#### Information supplied:
==========
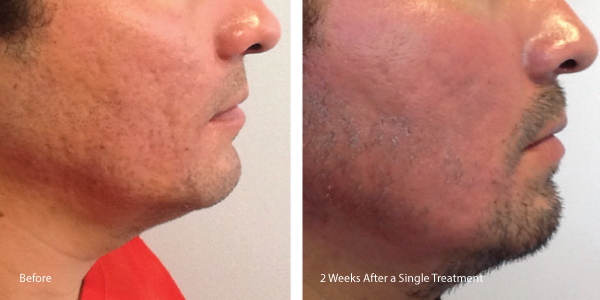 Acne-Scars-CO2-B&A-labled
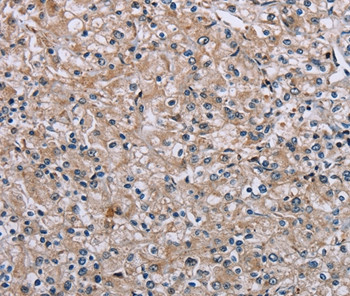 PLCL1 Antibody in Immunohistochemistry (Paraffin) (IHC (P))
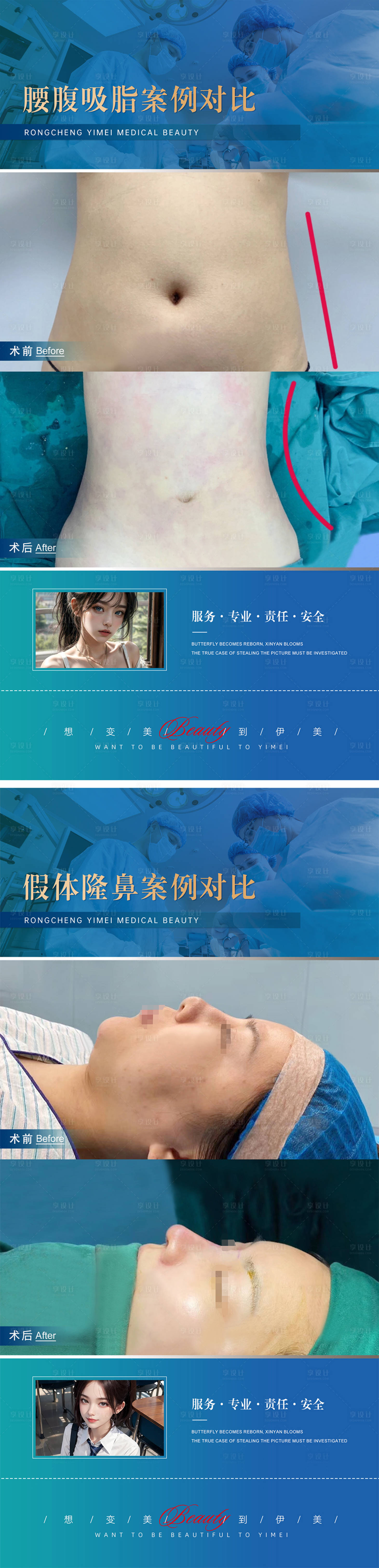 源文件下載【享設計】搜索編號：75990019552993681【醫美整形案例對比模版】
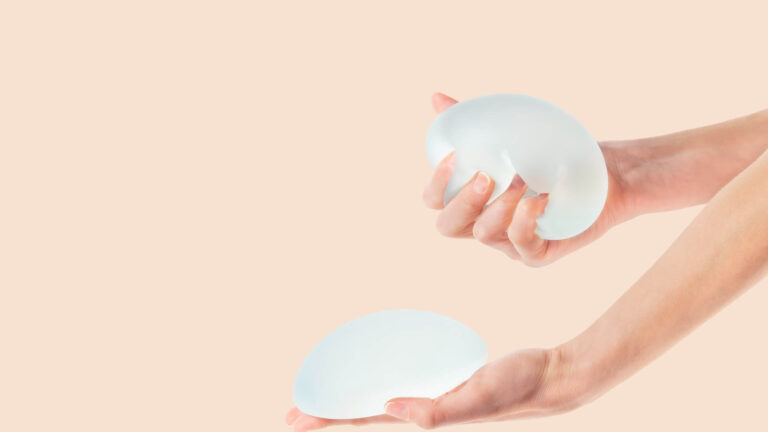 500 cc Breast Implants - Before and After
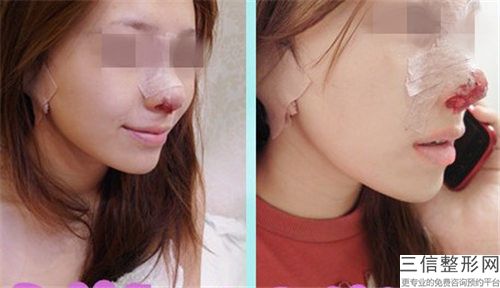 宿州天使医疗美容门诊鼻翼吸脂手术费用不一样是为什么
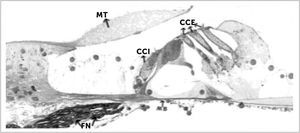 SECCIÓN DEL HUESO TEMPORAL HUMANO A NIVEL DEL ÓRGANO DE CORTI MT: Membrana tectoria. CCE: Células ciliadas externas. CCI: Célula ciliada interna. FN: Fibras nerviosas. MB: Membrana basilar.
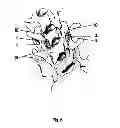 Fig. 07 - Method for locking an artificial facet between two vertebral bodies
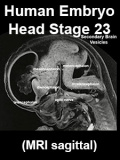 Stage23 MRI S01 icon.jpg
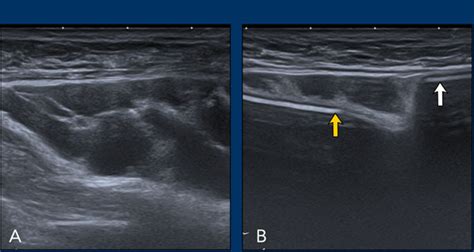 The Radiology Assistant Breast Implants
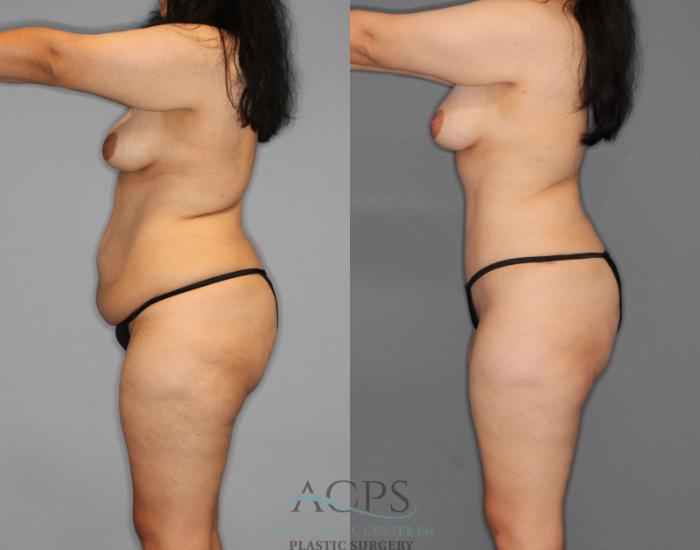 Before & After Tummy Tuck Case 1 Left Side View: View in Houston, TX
==========
#### Assignment:
Please retype, exactly as they appear, the lines from the one with "宿州天使医疗美容门诊鼻翼吸脂手术费用不一样是为什么" through the final line of the material, both included, and drop any pictures.

#### Task solution:
 宿州天使医疗美容门诊鼻翼吸脂手术费用不一样是为什么
 SECCIÓN DEL HUESO TEMPORAL HUMANO A NIVEL DEL ÓRGANO DE CORTI MT: Membrana tectoria. CCE: Células ciliadas externas. CCI: Célula ciliada interna. FN: Fibras nerviosas. MB: Membrana basilar.
 Fig. 07 - Method for locking an artificial facet between two vertebral bodies
 Stage23 MRI S01 icon.jpg
 The Radiology Assistant Breast Implants
 Before & After Tummy Tuck Case 1 Left Side View: View in Houston, TX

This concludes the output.